Wednesday, June 30, 2010

Packaging Openbravo 3.0 as a distribution

by Paolo Juvara 
Openbravo 3.0 is going to be a landmark release for the Openbravo ecosystem for many reasons, ranging from improved functionality to a completely revised platform.

As the first release candidate milestone of Openbravo 3.0 approaches (the target release is July 2010), I would like to take the time to explore one specific area of innovation: the packaging and delivery of the product.

Unlike previous releases, where Openbravo was offered as a monolithic product on top of which users could install extensions, Openbravo 3.0 is going to be delivered as "distribution" of modules. By distribution, I mean a collection of modules - one of which is Core - selected and integrated to achieve the desired functional footprint of the release.

This approach presents several advantages, including a smoother upgrade for 2.50 users and the ability to reuse 2.50 modules in 3.0. The following presentation illustrates the concept.



Leveraging the modular architecture of 2.50, we have been providing extension modules on top of Core. Some of those extensions are technology oriented, like the Seam Integration or the new User Interface Selector, while others, like Advanced Payables and Receivables, are functional in nature. In both cases, these are pre-3.0 features that can be deployed as modules on top of 2.50.

We can continue to release such modular components until we have all the building blocks we need for 3.0.

This is an effective way to add new capabilities but for 3.0 we also need to remove some unwanted features from Core, in some cases because it is obsolete functionality and in other cases because it is more appropriate as a module rather than a core feature.

Removing functionality is tricky: if we eliminate the code, in fact, we take the risk of breaking a dependency for an existing module therefore negating the objective of ensuring a smooth upgrade and the durability of modules. To avoid this problem, we will improve the License Manager capabilities of Core: currently the License Manager is the technology that allows us to distinguish between a Community Edition and a Professional Edition; we intend to enhance its capabilities to allow us to securely hide unwanted features and ensuring that they cannot be accidentally re-enabled. While still physically present, the unwanted features will be for all intents and purposes de-activated.

Leveraging this technology, we can deliver Openbravo 3.0 as a "template" that combines all the desired modules, plus a configuration script that defines the default configuration of the system.

We have already followed a similar approach for QuickStart, one of the professional solutions that we developed for our partners in 2.50 and we will apply the same technique for 3.0.

Using our 3.0 distribution as starting template, it is then possible to add further configuration scripts and provide additional specializations.

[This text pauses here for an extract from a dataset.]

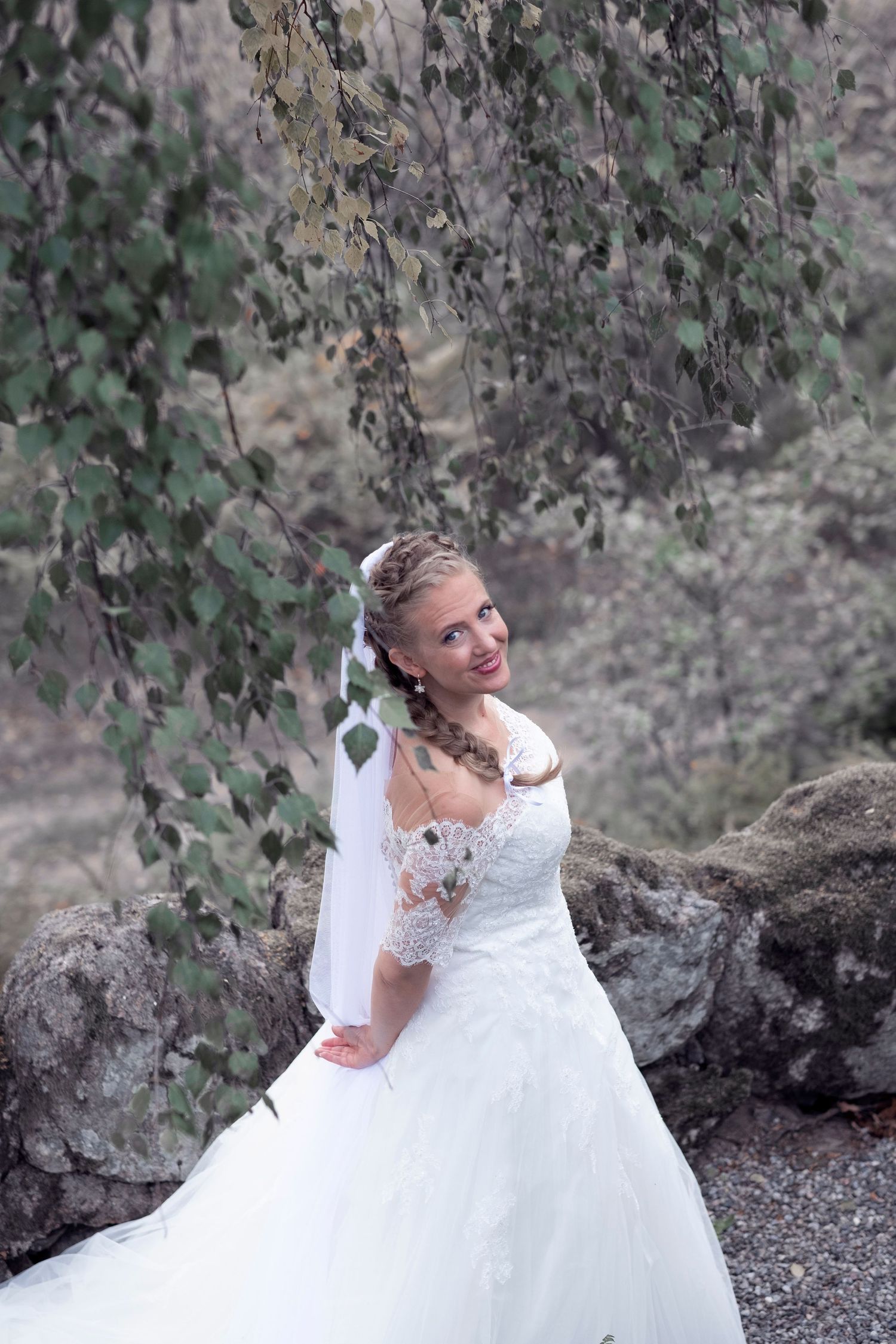 bröllopsfotografering balingsholm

In this respect, this packaging approach provides a nice balance between the base product and its vertical specializations as both solutions share the same development and distribution approach.

There are some obvious benefits to this approach:
  • Easy upgrade for 2.50 users to 3.0: technically, an upgrade is reduced to the installation of additional modules and a configuration template (of course, there are many non technical aspects involved with an upgrade, but avoiding technical problems already simplifies the challenge)
  • Guaranteed durability of modules: all of the 2.50 modules will be able to work in 3.0 as well because none of their dependencies is altered.
  • Opportunity to gather early feedback on 3.0: we do not need to have 100% of the functionality ready to start exposing it to our community. In fact, many of the 3.0 modules have already been independently available for several months and went through their own feedback and stabilization cycle.
  • Reduced maintenance cost for 2.50: since 2.50 and 3.0 share a common Core, the cost of maintenance will be largely reduced.
I have been using in this post the term "distribution" to describe this approach. This is a term that I liberally borrow from the Linux world, where a distribution, like Ubuntu, Red Hat, or SUSE, etc., is a collection of software packages including the Linux Kernel, a window manager, a desktop environment and other software. This model has proven very successful for Linux and a year ago I discussed how modularity could enable the same approach for Openbravo.
With 3.0 we fully embrace the distribution approach, coming to a full circle and confirming our commitment to build the ecosystem of reference in the open source ERP space.